PROVIDED RECORDS Block Start

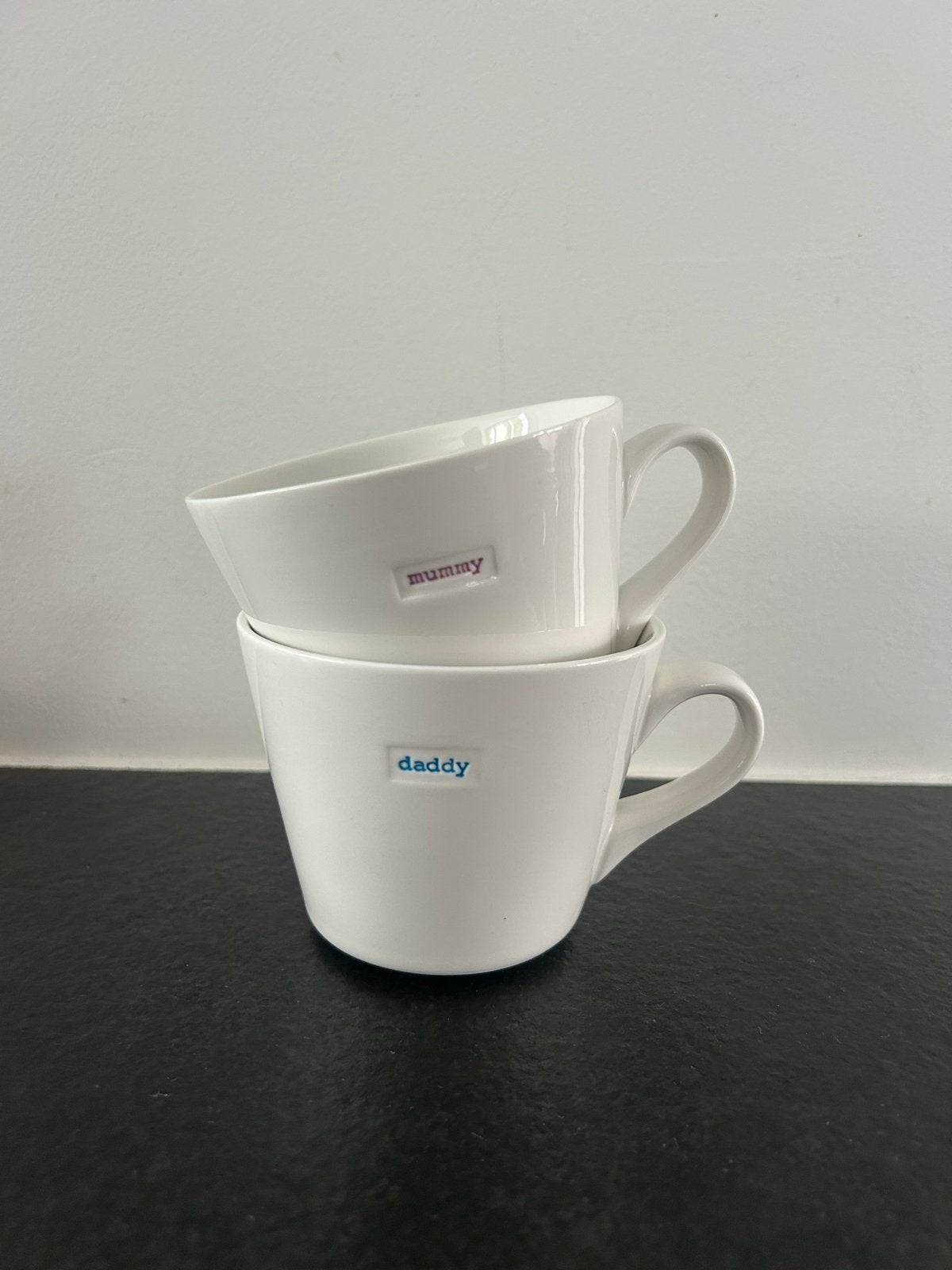 Set van 2 witte 'Mummy' en 'Daddy' mokken, Overige merken, Keramiek, Zo goed als nieuw, Modern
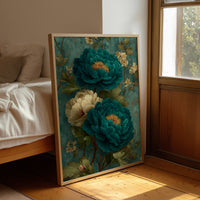 Teal Peonies on a Weathered Wall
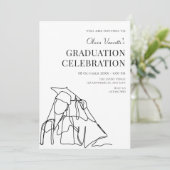 Invitation Diplôme minimaliste d'art linéaire (Debout devant)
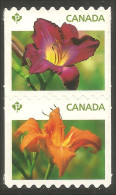 Canada Daylilies Lis De Jardin Coil Roulette Annual Collection Annuelle MNH ** Neuf SC (C25-28ii) - Ungebraucht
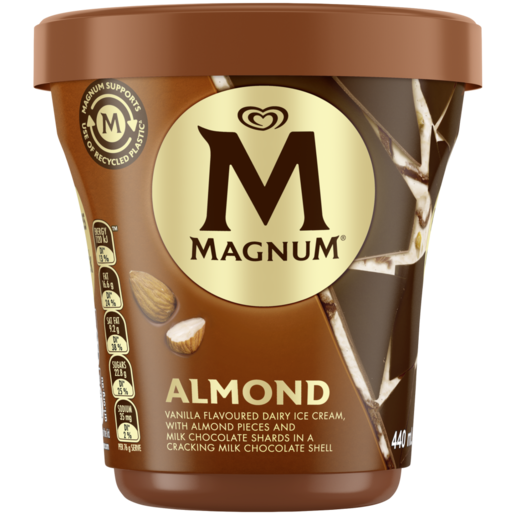 Ola Magnum Almond Vanilla Flavoured Ice Cream Tub 440ml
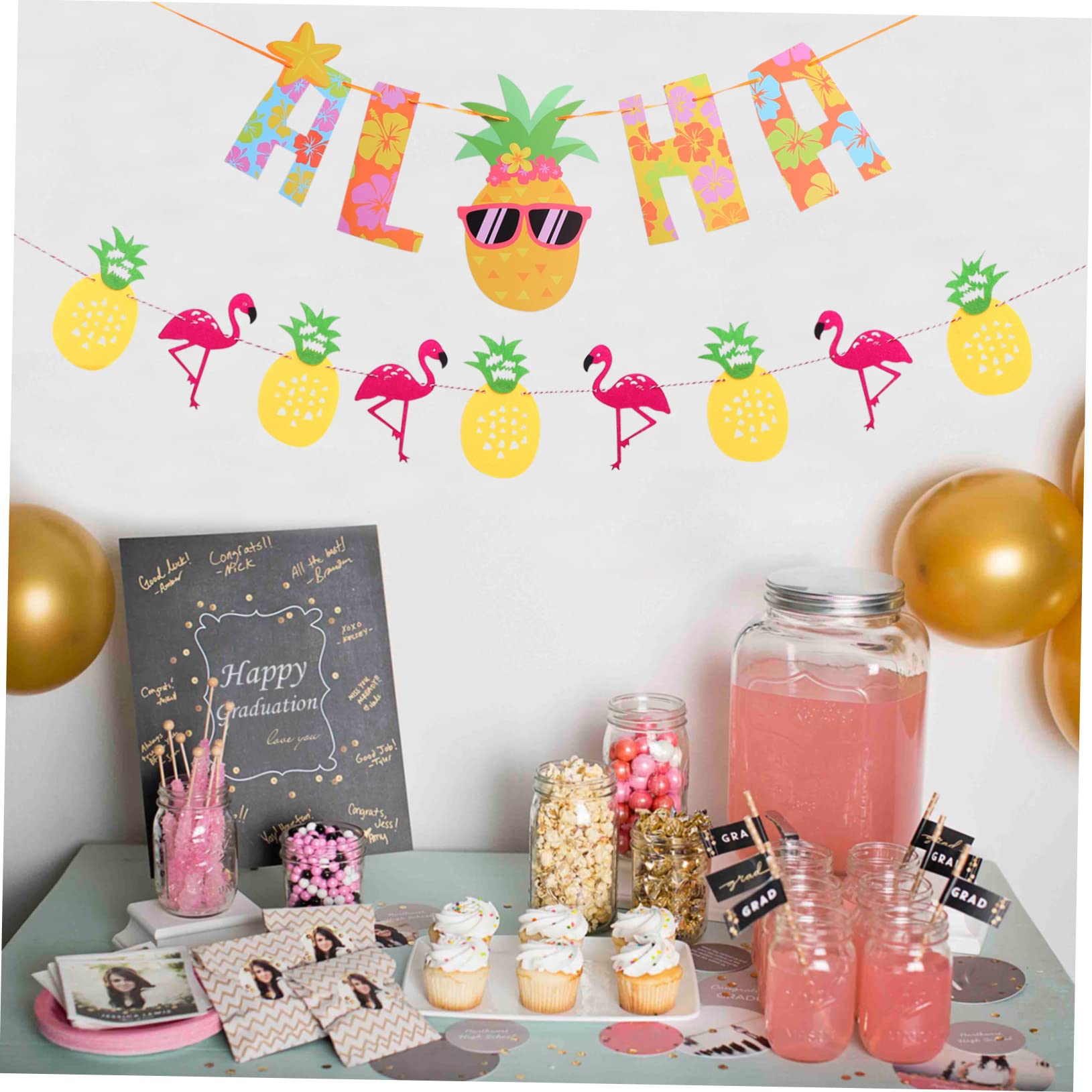 Pallone Decorativo Estivo Hawaiano Frutto Ananas e Ghirlanda Aloha per Feste Estive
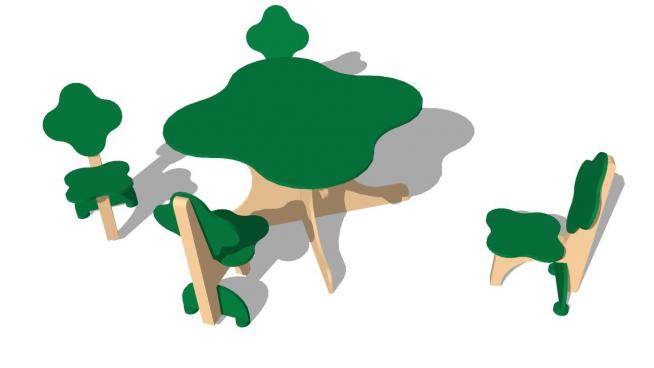 树木主题的儿童桌椅SU模型下载_sketchup草图大师SKP模型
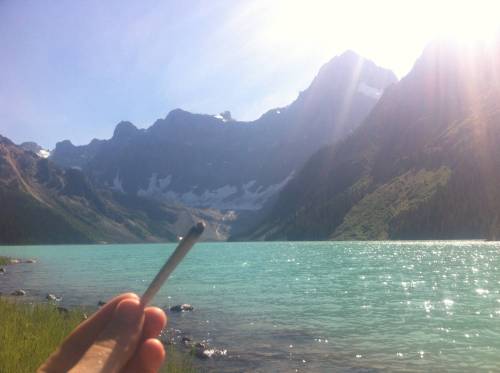 reddlr-trees: Went hiking in the Canadian Rocky Mountains. Never had a smoke spot so nice in my life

PROVIDED RECORDS Block End

[ASSIGNMENT] Copy every record above exactly as written, but leave out the pictures.

[SOLVED PROBLEM]
 Set van 2 witte 'Mummy' en 'Daddy' mokken, Overige merken, Keramiek, Zo goed als nieuw, Modern
 Teal Peonies on a Weathered Wall
 Invitation Diplôme minimaliste d'art linéaire (Debout devant)
 Canada Daylilies Lis De Jardin Coil Roulette Annual Collection Annuelle MNH ** Neuf SC (C25-28ii) - Ungebraucht
 Ola Magnum Almond Vanilla Flavoured Ice Cream Tub 440ml
 Pallone Decorativo Estivo Hawaiano Frutto Ananas e Ghirlanda Aloha per Feste Estive
 树木主题的儿童桌椅SU模型下载_sketchup草图大师SKP模型
 reddlr-trees: Went hiking in the Canadian Rocky Mountains. Never had a smoke spot so nice in my life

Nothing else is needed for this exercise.